= Excerpts from a dataset =

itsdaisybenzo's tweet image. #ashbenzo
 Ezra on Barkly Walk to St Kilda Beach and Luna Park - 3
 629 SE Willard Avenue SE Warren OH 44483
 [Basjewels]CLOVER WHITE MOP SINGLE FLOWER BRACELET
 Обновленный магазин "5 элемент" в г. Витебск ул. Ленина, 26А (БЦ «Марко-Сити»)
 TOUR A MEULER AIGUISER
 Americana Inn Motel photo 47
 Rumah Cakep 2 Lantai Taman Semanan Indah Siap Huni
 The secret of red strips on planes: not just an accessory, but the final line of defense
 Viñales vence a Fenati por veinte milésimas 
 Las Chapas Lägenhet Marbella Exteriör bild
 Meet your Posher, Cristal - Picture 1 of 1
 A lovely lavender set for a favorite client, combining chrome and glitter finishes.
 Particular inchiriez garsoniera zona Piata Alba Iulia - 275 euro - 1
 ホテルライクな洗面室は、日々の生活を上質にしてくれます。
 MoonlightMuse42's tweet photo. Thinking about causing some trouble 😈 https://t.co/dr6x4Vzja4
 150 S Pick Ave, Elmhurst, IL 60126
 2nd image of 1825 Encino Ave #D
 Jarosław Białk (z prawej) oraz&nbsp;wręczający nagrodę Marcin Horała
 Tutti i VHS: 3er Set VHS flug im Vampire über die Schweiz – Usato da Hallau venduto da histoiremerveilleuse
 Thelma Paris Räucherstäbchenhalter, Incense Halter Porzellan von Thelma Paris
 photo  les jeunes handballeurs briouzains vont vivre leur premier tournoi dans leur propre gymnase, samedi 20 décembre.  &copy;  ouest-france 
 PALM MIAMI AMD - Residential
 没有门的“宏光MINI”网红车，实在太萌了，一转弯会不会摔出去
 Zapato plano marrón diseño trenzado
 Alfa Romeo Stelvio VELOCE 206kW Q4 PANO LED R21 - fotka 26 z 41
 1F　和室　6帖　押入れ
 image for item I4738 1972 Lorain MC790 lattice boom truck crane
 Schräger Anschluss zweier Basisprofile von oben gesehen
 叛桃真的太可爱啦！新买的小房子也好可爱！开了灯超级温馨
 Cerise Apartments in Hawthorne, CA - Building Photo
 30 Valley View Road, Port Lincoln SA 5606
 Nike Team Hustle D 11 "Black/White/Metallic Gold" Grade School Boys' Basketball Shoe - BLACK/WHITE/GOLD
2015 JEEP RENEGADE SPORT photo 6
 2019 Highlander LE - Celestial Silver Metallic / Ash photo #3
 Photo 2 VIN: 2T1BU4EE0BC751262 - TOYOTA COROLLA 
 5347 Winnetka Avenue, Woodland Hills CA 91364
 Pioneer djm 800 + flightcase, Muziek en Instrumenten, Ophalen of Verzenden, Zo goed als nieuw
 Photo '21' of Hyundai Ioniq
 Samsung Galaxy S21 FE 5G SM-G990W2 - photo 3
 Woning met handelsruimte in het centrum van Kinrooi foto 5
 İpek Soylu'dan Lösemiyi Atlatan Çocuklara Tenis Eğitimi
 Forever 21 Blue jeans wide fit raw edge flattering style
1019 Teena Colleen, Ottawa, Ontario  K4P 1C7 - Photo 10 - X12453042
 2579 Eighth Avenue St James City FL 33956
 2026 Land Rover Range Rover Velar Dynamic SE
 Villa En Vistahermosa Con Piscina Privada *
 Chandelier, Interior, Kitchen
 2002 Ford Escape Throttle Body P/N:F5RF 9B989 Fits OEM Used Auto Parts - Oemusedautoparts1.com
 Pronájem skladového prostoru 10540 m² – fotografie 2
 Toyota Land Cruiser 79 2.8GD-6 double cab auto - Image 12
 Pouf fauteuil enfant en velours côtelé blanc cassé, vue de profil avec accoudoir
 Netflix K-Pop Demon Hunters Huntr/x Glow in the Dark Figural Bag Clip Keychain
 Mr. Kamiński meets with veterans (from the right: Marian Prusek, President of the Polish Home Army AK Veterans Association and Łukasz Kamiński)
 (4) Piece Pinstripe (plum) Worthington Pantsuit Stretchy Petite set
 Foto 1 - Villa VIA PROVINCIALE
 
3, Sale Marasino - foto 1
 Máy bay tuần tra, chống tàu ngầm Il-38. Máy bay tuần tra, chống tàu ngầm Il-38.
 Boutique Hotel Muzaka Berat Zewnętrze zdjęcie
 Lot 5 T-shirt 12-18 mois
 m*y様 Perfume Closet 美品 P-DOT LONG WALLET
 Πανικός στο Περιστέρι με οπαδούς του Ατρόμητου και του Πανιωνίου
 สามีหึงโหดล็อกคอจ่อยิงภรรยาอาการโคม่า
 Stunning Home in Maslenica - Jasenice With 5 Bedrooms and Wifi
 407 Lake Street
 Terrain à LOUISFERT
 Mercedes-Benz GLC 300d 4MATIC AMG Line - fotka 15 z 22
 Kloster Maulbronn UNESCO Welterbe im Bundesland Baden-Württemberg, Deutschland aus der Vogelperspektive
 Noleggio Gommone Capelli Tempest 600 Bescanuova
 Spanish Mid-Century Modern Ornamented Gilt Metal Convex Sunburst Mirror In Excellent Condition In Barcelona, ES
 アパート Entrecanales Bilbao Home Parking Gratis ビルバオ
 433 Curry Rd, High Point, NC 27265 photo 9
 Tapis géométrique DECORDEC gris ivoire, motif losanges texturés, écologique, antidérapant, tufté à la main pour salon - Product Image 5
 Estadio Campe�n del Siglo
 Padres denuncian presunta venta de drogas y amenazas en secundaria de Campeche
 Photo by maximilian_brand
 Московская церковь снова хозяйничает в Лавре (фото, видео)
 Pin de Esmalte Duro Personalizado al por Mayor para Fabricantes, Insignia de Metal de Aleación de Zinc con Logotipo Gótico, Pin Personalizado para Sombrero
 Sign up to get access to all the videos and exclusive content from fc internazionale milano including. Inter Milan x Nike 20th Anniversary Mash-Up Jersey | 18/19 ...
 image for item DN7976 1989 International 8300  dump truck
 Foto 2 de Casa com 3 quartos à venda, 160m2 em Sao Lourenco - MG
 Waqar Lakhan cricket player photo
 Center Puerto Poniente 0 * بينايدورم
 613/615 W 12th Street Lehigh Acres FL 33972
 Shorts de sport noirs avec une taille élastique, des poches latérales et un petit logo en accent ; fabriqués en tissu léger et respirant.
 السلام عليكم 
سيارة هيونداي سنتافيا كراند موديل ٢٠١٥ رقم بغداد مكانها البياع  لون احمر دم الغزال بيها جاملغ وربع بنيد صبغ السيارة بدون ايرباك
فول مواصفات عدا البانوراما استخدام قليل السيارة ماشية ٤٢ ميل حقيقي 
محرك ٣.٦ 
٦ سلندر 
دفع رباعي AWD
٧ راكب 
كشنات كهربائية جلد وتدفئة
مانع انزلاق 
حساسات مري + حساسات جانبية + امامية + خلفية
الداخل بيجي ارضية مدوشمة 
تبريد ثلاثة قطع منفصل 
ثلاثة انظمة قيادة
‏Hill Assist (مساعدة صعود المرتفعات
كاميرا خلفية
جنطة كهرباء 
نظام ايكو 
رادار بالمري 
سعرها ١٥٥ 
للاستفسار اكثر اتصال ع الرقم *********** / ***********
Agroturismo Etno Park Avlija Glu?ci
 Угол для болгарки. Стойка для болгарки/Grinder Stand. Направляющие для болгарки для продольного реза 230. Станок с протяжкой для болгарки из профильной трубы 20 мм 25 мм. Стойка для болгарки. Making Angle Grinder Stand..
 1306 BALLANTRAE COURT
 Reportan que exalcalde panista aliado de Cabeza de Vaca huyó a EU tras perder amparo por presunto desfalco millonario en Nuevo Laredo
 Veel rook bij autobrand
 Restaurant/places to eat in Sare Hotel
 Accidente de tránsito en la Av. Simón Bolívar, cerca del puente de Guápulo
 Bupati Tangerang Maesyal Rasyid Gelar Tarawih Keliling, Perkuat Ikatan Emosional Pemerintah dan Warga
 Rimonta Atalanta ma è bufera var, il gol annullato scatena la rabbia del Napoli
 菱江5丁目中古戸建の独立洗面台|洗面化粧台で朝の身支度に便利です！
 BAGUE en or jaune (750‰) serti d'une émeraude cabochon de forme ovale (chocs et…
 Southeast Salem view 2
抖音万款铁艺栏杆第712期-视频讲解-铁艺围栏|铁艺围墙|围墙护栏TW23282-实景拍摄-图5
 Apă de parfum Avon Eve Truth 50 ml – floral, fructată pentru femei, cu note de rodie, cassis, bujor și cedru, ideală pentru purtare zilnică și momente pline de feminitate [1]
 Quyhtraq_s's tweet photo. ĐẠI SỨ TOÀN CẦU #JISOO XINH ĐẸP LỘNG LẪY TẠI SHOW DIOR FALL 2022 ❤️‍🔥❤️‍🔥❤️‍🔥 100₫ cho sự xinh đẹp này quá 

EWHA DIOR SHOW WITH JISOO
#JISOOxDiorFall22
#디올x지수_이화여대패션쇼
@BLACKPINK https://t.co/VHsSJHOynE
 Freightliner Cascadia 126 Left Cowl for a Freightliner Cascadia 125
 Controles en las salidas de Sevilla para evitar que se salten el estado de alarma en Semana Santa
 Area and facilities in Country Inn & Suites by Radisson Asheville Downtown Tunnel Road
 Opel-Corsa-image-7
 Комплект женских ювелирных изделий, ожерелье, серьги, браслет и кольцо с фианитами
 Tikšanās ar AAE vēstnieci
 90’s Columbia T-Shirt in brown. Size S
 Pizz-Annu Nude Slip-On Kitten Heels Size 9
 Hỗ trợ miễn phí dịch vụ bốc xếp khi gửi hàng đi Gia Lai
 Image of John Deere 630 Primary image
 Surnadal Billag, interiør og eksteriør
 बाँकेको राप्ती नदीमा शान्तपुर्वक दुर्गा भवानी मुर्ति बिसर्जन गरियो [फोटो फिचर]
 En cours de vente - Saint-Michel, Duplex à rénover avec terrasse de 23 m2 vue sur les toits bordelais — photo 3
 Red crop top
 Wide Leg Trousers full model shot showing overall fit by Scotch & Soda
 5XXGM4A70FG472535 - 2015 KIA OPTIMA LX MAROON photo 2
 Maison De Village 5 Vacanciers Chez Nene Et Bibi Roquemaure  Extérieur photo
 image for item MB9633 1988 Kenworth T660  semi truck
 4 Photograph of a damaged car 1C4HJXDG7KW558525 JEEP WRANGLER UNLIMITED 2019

= Problem statement =
Please return every line of the records above that contains the word "Street".

= Answer box =
 407 Lake Street
 613/615 W 12th Street Lehigh Acres FL 33972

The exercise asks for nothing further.